Snowpacks vary across the state, ranging from 80% to 100% in northern Idaho and 110% to 145% in most basins south of the Salmon Basin.
Snowpacks in the Owyhee and Weiser basins, however, are at 150% of normal, and snowpack in the Little Wood Basin is at 160% of normal.
“Spring weather the next couple of weeks or months will determine how this year’s snowpack melts and fills rivers and reservoirs,” NRCS said.
March temperatures across the state and most of the West were near to slightly below normal. But the days are getting longer, which allows for more heating.
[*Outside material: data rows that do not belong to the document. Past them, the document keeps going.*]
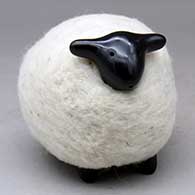 A black sheep figure clothed in a bundle of wool
 by Joe Naranjo of Santa Clara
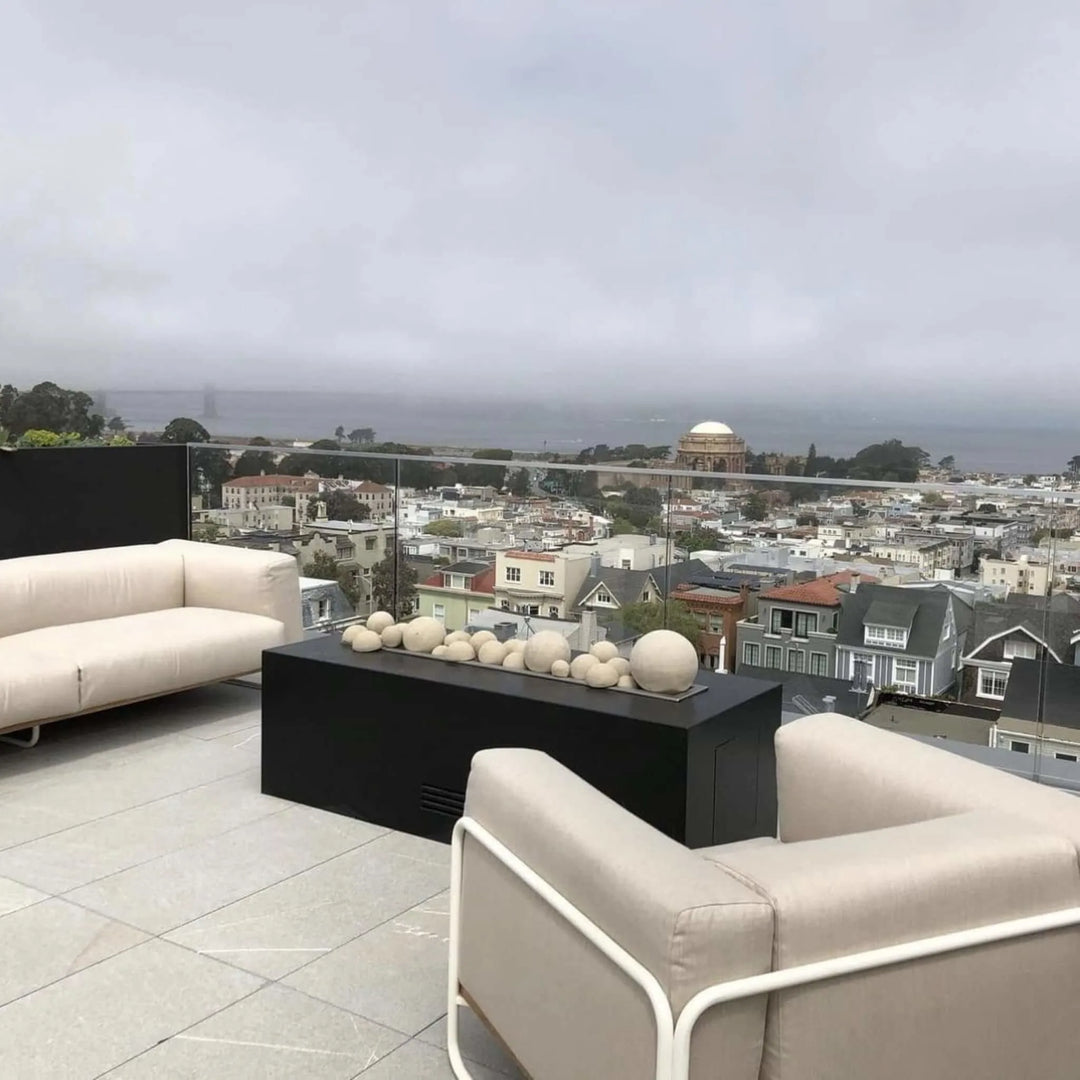 Elegant rooftop patio with a black rectangular fire feature filled with decorative spheres, offering a panoramic view of the city, highlighting the modern style of the HPC Fire Inspired Torpedo T-Burner in a linear trough design.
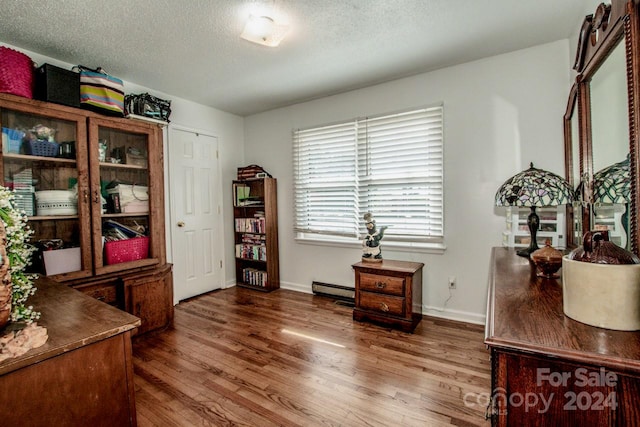 office featuring dark hardwood / wood-style floors, baseboard heating, and a textured ceiling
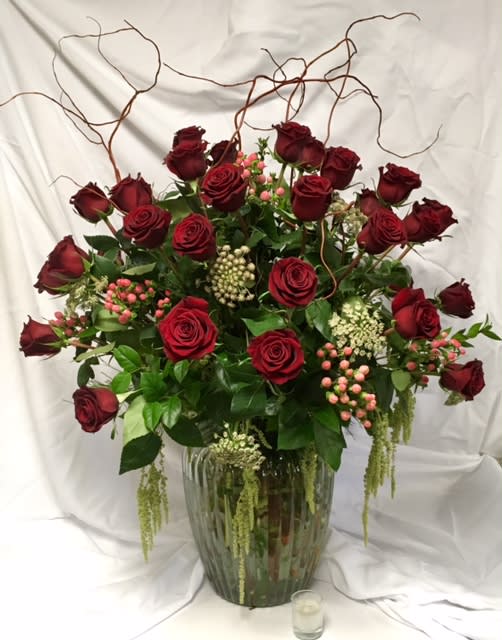 The Grand Gesture - When only the very best will do! This premium arrangement features four dozen of the finest long stemmed red roses, accented with amaranthus, hypericum and more. approx. 40&quot; tall and 30&quot; wide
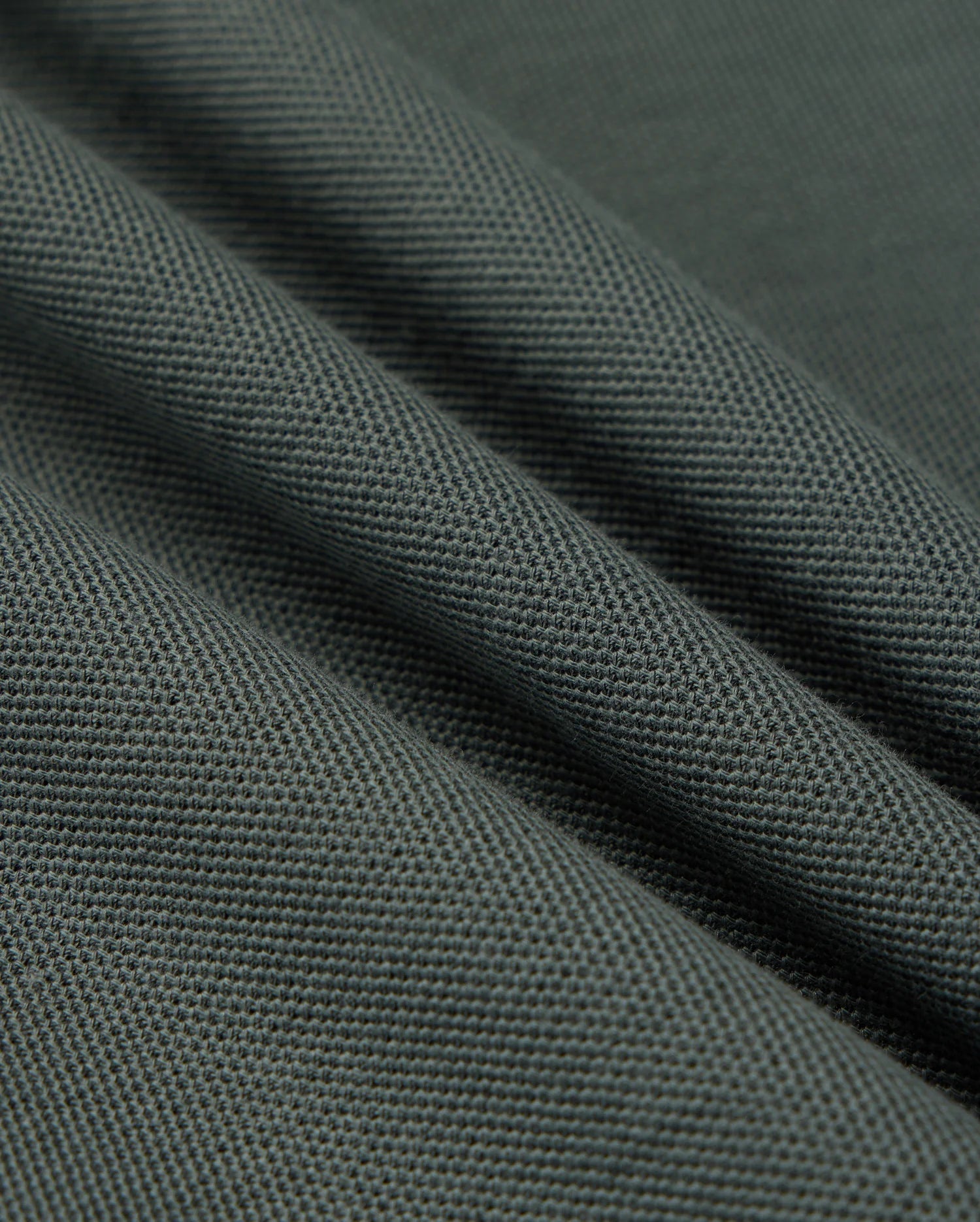 Close-up of the Psycho Bunny MENS KENT PIQUE POLO SHIRT in dark grey, featuring a textured weave pattern reminiscent of stylish polo fabric. The material is folded to form diagonal lines across the image, emphasizing its sturdy and dense quality.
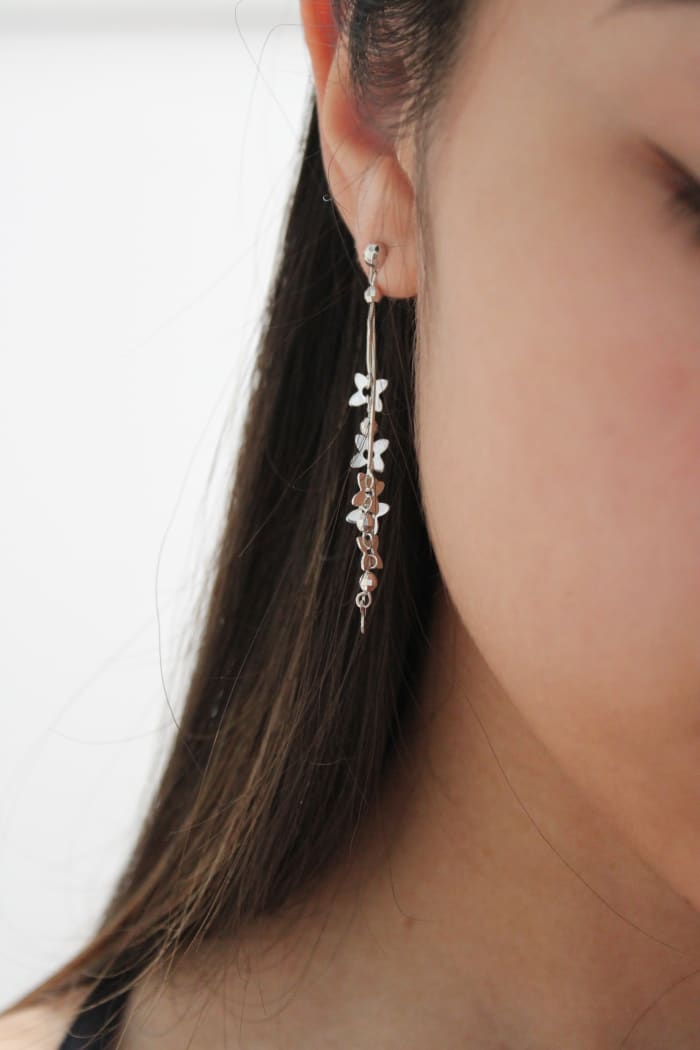 Silver jewelry with little jewels in pretty colors is ideal for Pisces. Dangly earrings like in this picture do give off the water sign's vibe.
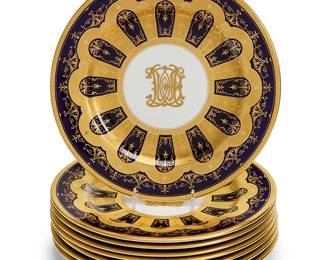 283
A set of eight Coalport porcelain dinner plates
Early 20th century
Each with green printed factory mark: England / Coalport / AD 1750; painted pattern: 6523/C
Each with gilt and cobalt blue decoration and centered by an indistinct gilt monogram, personalized
8 pieces
Each: 10.375" Dia.
Estimate: $200 - $300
Future precipitation intensity and duration is also critical in melting the snow and providing additional runoff, the agency said.
“Short-term weather outlooks illustrate that more moisture is on the way and may continue into mid-April,” NRCS reported.
Some of the lower elevation snow has already gradually melted, filling soil moisture voids from last year’s dry summer, the agency reported.
Reservoir operators will be watching how fast the remaining mid-elevation snow melts and if the spring weather trends toward dry and warmer or if moderate temperatures allow the snow to gradually melt and be easier to manage, NRCS said.
“The good news is that enough snow has already fallen in the mountains to ensure adequate irrigation supplies this season,” the agency said.
More good news is that nearly all of the reservoirs and natural lakes will fill this year, it said.
“This should provide good carryover storage for next year for those starting to think about next year’s water supply,” NRCS said.
The exceptions are Bear Lake, Salmon Falls and Oakley reservoirs, which are not likely to fill this year. The Owyhee Reservoir could fill, depending on spring rains, NRCS said.